I am inspecting Direct State Access, which sounds pretty exciting. Now I am wondering if I am actually getting it right:

Let’s take the example of GlDrawElements. It would normally require to bind a vertex vbo and an index vbo. The cost for doing so is noticeable, so a decent engine tries to keep stuff sorted by vertex/index buffer usage (not to mention textures etc.).

Is this cost (and consequently the need for the sorting or queueing infrastructure) going more or less away with Direct State Access?

It Would be really reall great not having to be so worried about how many times textures and vertex buffer objects are shuffled… if not for a matter of speed, for the significative simplification of code.

Erm, no you misunderstood the intention of this extension completely.

DSA doesn’t have anything to do with performance. Using DSA won’t speed up your app, so you will need to keep sorting stuff. That doesn’t change.

It only makes the API easier, less painful to use. That’s it. Just more convenience.

Ok, in SOME rare situations DSA does give a speedup, but only in situations where non-DSA code would have needed to query lots of states, change state, and then reset the queried state. This is supposed to be done inside nVidia’s Cg. But this speedup is only on the driver-side (CPU), not on the GPU.

Sorting of states needs to be done to keep the GPU busy and not introduce pipeline-stalls. DSA can’t change that.

Also keep in mind that the DSA-extension is still experimental and not finished. If you start using it now, you might need to change your code later, when it becomes standardized. Also, i don’t know whether it is already supported on ATI.


Exciting: no more.

The way I understand it now, I am sure Direct State Access will clean up things, and represent some sort of evolution - but certainly not a revolution.

I wonder why no one seems to address the fact that the whole “object/state change = cost” is a major flaw of both OpenGL and DirectX. Is this directly related to how the hardware works? Then it’s a hardware flaw.

Back in the software rendering days, using a pointer to a certain memory area containing vertex data, wasn’t a cost at all, it was barely a value assignation to variable. Passing said memory area through a chain of functions or another - to render it with a certain “shader” or another, wasn’t a cost too, just a case switch or something like that.

But I digress! :slight_smile:
Thanks for explaining.

It is a hardware restriction. It is the reason why hardware can be that fast in the first place. You wouldn’t expect a Ferrari to go top-speed while driving off-road, do you?

Learn more about how hardware works and you will understand it.

You really can’t compare hardware-rendering with software-rendering. Neither feature-wise nor performance-wise.

But with the flexibility of modern shader-pipelines more and more of these restrictions are lifted, or become easier to overcome. Maybe in a few years it will actually be possible to render most things without sorting.


I wonder why no one seems to address the fact that the whole “object/state change = cost” is a major flaw of both OpenGL and DirectX. Is this directly related to how the hardware works?
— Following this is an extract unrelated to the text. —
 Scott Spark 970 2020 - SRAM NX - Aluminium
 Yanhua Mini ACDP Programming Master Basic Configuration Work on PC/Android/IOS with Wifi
Then it’s a hardware flaw.

It’s not a flaw; it’s a tradeoff. It’s like saying it’s a flaw that some algorithms can be sped up by making them use more memory.

First, OpenGL and Direct3D are designed to abstract implementation details. That way, you don’t have to know what specific registers or marshaling behavior ATI or NVIDIA hardware has or needs. It just functions. Abstractions impose a performance penalty, but the penalty is usually minimal (and you’d have to incur it in your own code anyway even if you were coding directly to the hardware).

Second, GPU memory and registers don’t belong to you. You must access them over a (relatively slow) PCIe bus. The APIs are designed to minimize the impact of this as much as possible, but there will always be some performance simply due to having less available bandwidth to the GPU.

The thing most likely to reduce state change overhead is on-CPU GPUs, like Intel’s stuff or AMD Fusion.